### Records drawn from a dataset
>>

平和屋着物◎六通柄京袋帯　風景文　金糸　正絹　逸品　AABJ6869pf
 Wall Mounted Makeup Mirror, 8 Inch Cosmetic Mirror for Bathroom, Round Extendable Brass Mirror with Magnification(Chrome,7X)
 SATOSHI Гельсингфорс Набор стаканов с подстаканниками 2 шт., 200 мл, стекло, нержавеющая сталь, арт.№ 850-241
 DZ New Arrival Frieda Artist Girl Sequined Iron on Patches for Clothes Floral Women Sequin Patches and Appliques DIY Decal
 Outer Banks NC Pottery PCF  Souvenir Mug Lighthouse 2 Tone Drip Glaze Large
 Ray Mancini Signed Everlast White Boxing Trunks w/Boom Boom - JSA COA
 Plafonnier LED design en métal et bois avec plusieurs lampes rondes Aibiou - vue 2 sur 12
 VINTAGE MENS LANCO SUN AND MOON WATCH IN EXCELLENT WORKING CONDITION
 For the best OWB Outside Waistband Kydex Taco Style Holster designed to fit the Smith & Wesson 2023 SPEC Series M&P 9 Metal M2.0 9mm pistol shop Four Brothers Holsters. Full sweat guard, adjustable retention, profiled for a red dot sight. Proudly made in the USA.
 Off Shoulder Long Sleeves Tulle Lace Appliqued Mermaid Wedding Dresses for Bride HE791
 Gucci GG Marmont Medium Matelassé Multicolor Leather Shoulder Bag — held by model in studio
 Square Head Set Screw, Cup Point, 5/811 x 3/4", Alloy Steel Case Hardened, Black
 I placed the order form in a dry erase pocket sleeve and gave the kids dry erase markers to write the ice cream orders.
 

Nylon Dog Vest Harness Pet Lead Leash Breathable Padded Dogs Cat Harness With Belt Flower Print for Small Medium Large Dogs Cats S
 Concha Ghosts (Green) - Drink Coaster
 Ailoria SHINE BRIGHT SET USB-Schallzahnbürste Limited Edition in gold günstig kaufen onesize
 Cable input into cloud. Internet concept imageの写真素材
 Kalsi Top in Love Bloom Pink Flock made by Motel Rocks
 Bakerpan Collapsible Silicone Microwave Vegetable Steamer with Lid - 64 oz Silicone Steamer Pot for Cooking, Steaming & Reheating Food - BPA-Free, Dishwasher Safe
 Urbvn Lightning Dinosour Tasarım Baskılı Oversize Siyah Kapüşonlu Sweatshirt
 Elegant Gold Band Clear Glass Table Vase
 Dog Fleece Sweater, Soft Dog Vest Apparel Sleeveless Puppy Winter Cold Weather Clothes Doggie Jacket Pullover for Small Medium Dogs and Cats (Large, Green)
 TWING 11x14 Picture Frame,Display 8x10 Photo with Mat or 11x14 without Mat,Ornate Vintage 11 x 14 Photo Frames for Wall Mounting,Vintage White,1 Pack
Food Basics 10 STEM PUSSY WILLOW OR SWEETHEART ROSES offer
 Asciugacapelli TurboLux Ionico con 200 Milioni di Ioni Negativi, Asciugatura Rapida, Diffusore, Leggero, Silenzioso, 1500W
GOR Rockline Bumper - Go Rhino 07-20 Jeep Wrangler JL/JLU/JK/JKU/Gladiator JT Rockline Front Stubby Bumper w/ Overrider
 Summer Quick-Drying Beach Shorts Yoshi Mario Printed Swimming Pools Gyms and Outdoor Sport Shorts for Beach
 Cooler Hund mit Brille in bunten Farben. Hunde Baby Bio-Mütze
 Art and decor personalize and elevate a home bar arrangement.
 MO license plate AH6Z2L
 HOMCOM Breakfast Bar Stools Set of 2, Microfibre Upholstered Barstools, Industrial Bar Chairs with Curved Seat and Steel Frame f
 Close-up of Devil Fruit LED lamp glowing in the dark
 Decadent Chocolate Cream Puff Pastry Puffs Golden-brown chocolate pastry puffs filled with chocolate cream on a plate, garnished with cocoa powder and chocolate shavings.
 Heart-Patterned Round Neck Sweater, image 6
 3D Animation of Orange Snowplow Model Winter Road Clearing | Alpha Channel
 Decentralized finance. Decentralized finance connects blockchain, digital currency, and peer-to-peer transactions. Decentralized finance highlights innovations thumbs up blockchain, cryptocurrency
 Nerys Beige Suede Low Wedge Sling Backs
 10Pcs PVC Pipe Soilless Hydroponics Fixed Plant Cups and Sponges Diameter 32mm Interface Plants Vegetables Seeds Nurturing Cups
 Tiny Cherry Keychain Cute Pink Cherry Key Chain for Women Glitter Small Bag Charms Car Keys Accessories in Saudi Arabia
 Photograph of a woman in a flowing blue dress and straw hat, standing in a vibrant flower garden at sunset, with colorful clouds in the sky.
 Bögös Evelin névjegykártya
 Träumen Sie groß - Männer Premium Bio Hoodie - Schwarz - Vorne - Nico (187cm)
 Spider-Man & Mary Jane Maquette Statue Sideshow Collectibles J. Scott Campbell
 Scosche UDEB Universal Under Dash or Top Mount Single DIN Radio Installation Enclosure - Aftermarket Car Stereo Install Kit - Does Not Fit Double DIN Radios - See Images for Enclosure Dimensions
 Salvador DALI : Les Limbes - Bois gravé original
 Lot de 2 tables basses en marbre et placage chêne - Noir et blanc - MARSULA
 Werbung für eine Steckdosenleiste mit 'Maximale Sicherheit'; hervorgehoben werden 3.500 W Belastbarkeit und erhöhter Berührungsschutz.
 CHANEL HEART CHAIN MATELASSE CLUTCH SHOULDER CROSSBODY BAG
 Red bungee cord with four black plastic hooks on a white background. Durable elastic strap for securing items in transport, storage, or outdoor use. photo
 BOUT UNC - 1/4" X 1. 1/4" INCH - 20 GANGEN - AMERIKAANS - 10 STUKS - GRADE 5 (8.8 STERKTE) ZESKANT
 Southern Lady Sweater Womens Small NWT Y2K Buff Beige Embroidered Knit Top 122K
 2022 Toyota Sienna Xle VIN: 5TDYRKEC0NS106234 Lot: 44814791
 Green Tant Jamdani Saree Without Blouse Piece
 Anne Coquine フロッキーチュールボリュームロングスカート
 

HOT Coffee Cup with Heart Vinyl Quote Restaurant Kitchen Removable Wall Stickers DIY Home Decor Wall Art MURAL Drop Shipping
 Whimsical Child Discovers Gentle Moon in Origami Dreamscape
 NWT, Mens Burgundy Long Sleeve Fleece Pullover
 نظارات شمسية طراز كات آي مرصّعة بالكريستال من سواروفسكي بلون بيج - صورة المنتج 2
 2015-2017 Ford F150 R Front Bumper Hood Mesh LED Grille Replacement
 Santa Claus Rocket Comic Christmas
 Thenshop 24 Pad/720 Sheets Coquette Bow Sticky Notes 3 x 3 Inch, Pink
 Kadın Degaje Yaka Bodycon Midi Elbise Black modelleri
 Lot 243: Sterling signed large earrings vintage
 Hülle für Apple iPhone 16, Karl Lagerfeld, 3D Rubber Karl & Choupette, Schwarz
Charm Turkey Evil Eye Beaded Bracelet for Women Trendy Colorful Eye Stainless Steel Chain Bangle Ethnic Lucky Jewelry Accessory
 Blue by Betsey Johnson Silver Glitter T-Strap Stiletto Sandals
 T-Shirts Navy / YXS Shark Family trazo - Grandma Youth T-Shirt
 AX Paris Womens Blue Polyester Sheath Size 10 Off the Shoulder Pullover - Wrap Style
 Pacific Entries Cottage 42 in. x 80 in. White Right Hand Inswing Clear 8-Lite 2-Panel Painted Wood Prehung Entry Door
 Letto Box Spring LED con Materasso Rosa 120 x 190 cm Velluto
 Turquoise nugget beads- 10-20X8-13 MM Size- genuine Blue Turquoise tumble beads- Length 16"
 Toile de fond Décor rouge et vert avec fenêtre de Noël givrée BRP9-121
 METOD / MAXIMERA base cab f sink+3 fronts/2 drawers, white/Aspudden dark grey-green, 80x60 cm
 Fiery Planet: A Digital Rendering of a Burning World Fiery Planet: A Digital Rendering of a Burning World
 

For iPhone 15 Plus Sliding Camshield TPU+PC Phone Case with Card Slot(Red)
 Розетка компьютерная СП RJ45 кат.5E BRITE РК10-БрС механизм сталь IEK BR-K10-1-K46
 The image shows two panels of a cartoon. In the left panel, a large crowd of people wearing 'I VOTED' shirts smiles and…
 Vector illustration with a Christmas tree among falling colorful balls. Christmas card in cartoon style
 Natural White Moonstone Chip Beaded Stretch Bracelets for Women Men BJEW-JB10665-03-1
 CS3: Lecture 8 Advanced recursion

<<

### Work task
Using the records above, report each line that contains the word "made" by copying it.

### Output for this task
 For the best OWB Outside Waistband Kydex Taco Style Holster designed to fit the Smith & Wesson 2023 SPEC Series M&P 9 Metal M2.0 9mm pistol shop Four Brothers Holsters. Full sweat guard, adjustable retention, profiled for a red dot sight. Proudly made in the USA.
 Kalsi Top in Love Bloom Pink Flock made by Motel Rocks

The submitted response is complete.